EAX is used as a temp for generated code, and to pass SECOND on calls
to millicode.  It is never a root for garbage collection, so SECOND
must be flushed to memory by millicode.

   SECOND  eax
   RESULT  ebx
   REG1    ecx
   REG2    edx
   REG3    edi
   REG4    esi
   CONT    ebp
   GLOBALS esp

There is a particular reason GLOBALS is mapped to esp.  The first slot
of globals is empty.  Thus, to call millicode one can always execute a
CALL instruction, the return address will be pushed into the first
element of GLOBALS.  Millicode must pop the value to adjust GLOBALS
and save the address.

This trick allows CONT to grow and meet the heap pointer without any
buffer between them, and makes millicode calls compact.

This assumes that the operating system's interrupt handlers do not
push values onto the user stack; if they do, we must have plenty of
space available at the beginning of GLOBALS or must not use esp at
all.

;;;
;;; Note that since a CALL is used, there must be room on the processor
;;; stack for one word of return address.  The trick we use is for
;;; ESP to point to GLOBALS, not CONT, so GLOBALS is not right on entry
;;; to stubs here until the return value has been popped.  On the other hand,
;;; we don't have to worry about space between the heap and the stack.

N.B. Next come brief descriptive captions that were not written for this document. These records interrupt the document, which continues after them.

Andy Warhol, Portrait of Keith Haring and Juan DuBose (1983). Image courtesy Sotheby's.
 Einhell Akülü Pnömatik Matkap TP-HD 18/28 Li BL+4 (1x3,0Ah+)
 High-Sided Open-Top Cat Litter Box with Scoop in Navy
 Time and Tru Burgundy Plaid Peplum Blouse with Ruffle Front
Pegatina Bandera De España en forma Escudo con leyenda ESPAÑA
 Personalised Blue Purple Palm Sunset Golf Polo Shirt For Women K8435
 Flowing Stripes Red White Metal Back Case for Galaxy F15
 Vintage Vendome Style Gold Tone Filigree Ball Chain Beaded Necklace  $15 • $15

;;; The jump vector contains addresses of millicode procedures; a call
;;; to a millicode procedure is an indirect call:
;;;	CALL [GLOBALS+M_...]


Todo list.

 - globals needs a dummy element at the beginning
 - the .ah files should be generated in the correct format by the
   config scripts, this is a matter of changing syntax only
 - more millicode procs should be implemented (look at globals.ah)
 - need to work out how millicode is going to work -- it's in C
   and probably assumes Petit Larceny calling conventions.  If we
   are to keep it in C then some integration of the Petit Larceny
   engine with the native code must be accomplished!  If not, we
   need to rewrite the millicode to fit native conventions, but
   this seems painful at this time.

If a C function calls a Scheme procedure it meets code that does this:

   save C state
   switch to Scheme mode
   push a continuation on the Scheme stack that switches back 
      to C mode and returns
   continue executing

If a Scheme function calls a C procedure it meets code that does this:

   save Scheme state
   switch to C mode
   push a continuation on the C stack that switches back to
      Scheme mode and returns
   continue executing

Millicode is probably messier still, or should they all be considered
cross-language calls?  Then calling millicode will cost more!
Probably not necessary; when millicode calls Scheme it longjumps out,
throwing away the C continuation; only the Scheme continuation
remains, and it is properly constructed.  (It is a C frame that will
return to Scheme, ... maybe??  What if it was Scheme code compiled to
C that performed the original call?)

;; The code with globals assigned to esp and cont to ebp is
;; slightly slower on fib(35) than with the assignments reversed.
;; No doubt this is CPU specific.

;; Also it seems that the CPU prefers to work with data in eax and
;; ebx: introducing some peephole optimization so that it worked on
;; data in ecx slowed evenodd down quite a bit.  Peephole
;; optimizations that have not paid off are REG_OP2IMM_zerop and
;; REG_OP2IMM_SETREG_subtract, both programs were slower than the
;; equivalent sequence of more primitive ops.